- Opening Delimiter -
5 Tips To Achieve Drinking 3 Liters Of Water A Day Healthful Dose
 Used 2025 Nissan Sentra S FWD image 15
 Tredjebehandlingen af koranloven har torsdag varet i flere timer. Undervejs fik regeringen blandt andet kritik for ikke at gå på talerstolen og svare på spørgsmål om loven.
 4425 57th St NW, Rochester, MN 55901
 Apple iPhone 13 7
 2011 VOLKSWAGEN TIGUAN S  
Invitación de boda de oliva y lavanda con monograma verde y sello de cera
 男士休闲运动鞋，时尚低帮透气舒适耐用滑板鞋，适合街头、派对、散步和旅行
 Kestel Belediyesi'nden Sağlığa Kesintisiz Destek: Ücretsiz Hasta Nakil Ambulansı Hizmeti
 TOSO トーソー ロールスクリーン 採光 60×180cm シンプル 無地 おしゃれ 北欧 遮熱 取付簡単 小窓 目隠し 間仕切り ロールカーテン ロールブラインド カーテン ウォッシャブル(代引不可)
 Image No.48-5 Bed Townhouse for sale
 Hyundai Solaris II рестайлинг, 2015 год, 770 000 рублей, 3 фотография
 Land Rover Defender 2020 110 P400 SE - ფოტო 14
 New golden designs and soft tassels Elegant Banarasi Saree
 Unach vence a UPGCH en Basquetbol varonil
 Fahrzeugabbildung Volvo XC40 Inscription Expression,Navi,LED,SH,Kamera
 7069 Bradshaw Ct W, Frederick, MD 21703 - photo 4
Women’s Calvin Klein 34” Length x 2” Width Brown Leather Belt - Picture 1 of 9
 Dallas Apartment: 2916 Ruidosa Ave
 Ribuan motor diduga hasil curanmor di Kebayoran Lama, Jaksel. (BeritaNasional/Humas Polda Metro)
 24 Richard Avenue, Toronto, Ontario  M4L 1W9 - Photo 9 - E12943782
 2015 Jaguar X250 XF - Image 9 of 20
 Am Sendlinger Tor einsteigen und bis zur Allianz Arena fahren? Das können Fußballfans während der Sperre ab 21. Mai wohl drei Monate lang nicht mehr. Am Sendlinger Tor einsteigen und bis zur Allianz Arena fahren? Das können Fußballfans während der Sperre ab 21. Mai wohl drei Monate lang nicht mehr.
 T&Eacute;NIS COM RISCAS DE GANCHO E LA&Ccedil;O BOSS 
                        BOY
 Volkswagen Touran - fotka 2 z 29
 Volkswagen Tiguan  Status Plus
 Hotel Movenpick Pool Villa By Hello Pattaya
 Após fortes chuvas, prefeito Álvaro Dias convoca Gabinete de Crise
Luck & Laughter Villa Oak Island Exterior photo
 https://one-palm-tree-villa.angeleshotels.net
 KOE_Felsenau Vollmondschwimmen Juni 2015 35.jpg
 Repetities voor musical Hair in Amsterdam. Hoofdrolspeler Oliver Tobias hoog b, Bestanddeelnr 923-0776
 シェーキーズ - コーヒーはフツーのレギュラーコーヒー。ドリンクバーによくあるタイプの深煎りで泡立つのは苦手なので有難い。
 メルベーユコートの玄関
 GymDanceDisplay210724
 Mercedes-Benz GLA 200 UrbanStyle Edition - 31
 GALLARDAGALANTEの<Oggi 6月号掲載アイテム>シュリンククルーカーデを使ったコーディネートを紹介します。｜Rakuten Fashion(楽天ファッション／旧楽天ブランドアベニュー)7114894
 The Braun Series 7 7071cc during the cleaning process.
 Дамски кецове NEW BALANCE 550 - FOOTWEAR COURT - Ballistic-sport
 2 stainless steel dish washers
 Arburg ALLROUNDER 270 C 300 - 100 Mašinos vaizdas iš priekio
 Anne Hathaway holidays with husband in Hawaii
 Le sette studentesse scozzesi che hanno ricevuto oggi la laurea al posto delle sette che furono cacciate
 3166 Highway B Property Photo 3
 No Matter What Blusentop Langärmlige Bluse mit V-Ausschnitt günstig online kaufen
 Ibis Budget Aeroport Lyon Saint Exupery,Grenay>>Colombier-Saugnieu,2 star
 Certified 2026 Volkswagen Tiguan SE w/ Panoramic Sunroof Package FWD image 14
- Closing Delimiter -
[Aim of the exercise]: Retype exactly the span of lines from the one with "Invitación de boda" through the one with "Dallas Apartment: 2916 Ruidosa Ave"; include both ends and omit the rest of the material.

[Exercise solution]:
Invitación de boda de oliva y lavanda con monograma verde y sello de cera
 男士休闲运动鞋，时尚低帮透气舒适耐用滑板鞋，适合街头、派对、散步和旅行
 Kestel Belediyesi'nden Sağlığa Kesintisiz Destek: Ücretsiz Hasta Nakil Ambulansı Hizmeti
 TOSO トーソー ロールスクリーン 採光 60×180cm シンプル 無地 おしゃれ 北欧 遮熱 取付簡単 小窓 目隠し 間仕切り ロールカーテン ロールブラインド カーテン ウォッシャブル(代引不可)
 Image No.48-5 Bed Townhouse for sale
 Hyundai Solaris II рестайлинг, 2015 год, 770 000 рублей, 3 фотография
 Land Rover Defender 2020 110 P400 SE - ფოტო 14
 New golden designs and soft tassels Elegant Banarasi Saree
 Unach vence a UPGCH en Basquetbol varonil
 Fahrzeugabbildung Volvo XC40 Inscription Expression,Navi,LED,SH,Kamera
 7069 Bradshaw Ct W, Frederick, MD 21703 - photo 4
Women’s Calvin Klein 34” Length x 2” Width Brown Leather Belt - Picture 1 of 9
 Dallas Apartment: 2916 Ruidosa Ave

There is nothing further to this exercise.